_Exercise_
Type out the data exactly as given. Skip any image.

Provided data: Begin

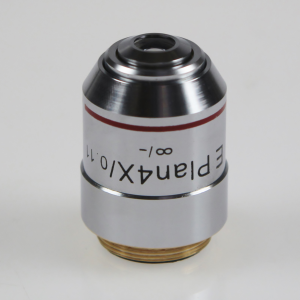 Objectif pour microscope KERN OBB-A1161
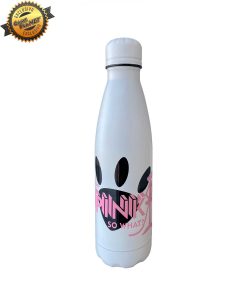 TERMO BLANCO MGM PINK PANTHER I AM PINK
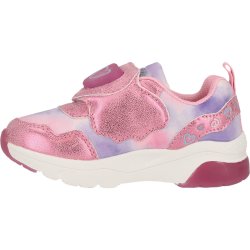 Zigzag Solia Blinkesko Z244293 Cotton Candy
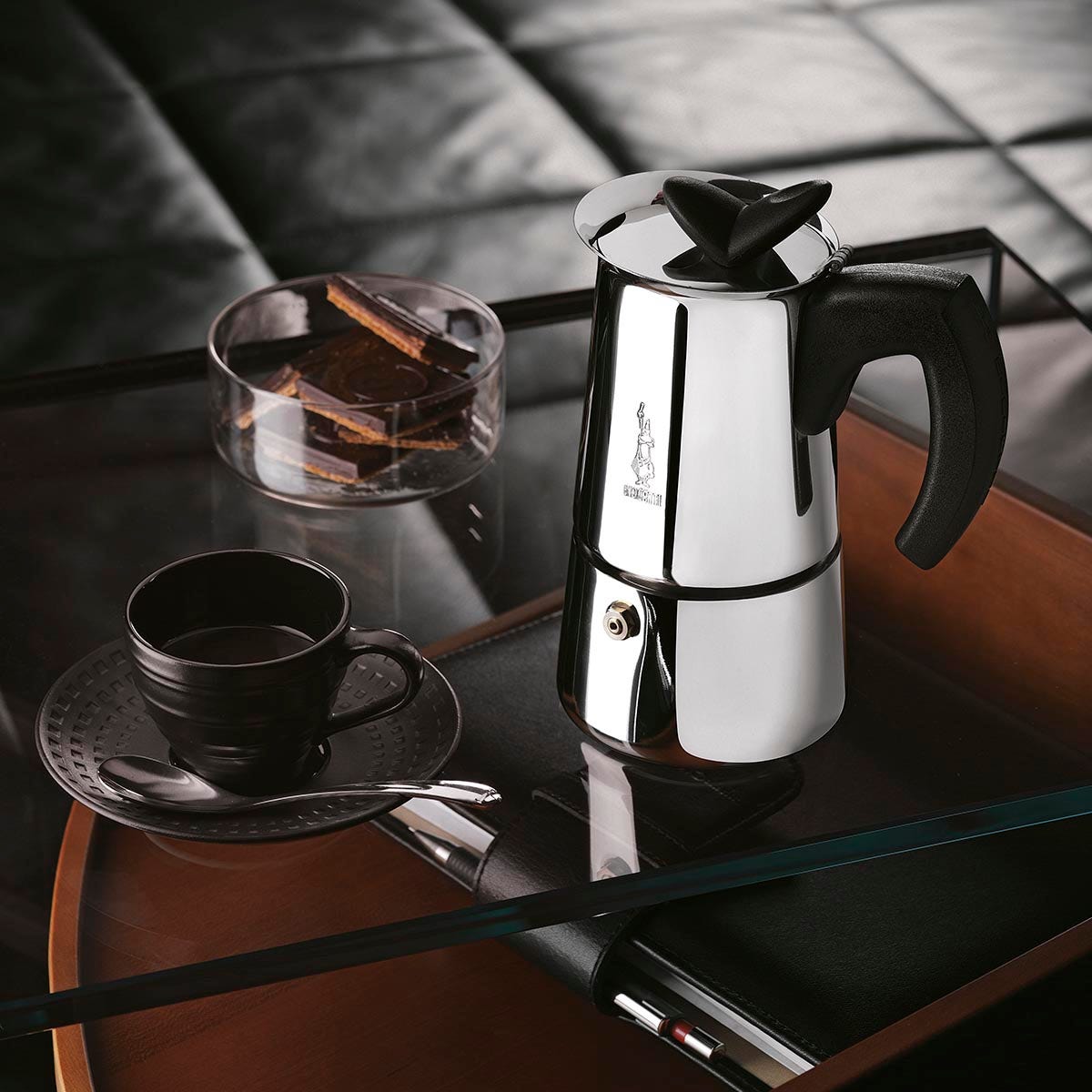 Bialetti Musa - immagine 3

Provided data: End

_Exercise solution_
 Objectif pour microscope KERN OBB-A1161
 TERMO BLANCO MGM PINK PANTHER I AM PINK
 Zigzag Solia Blinkesko Z244293 Cotton Candy
 Bialetti Musa - immagine 3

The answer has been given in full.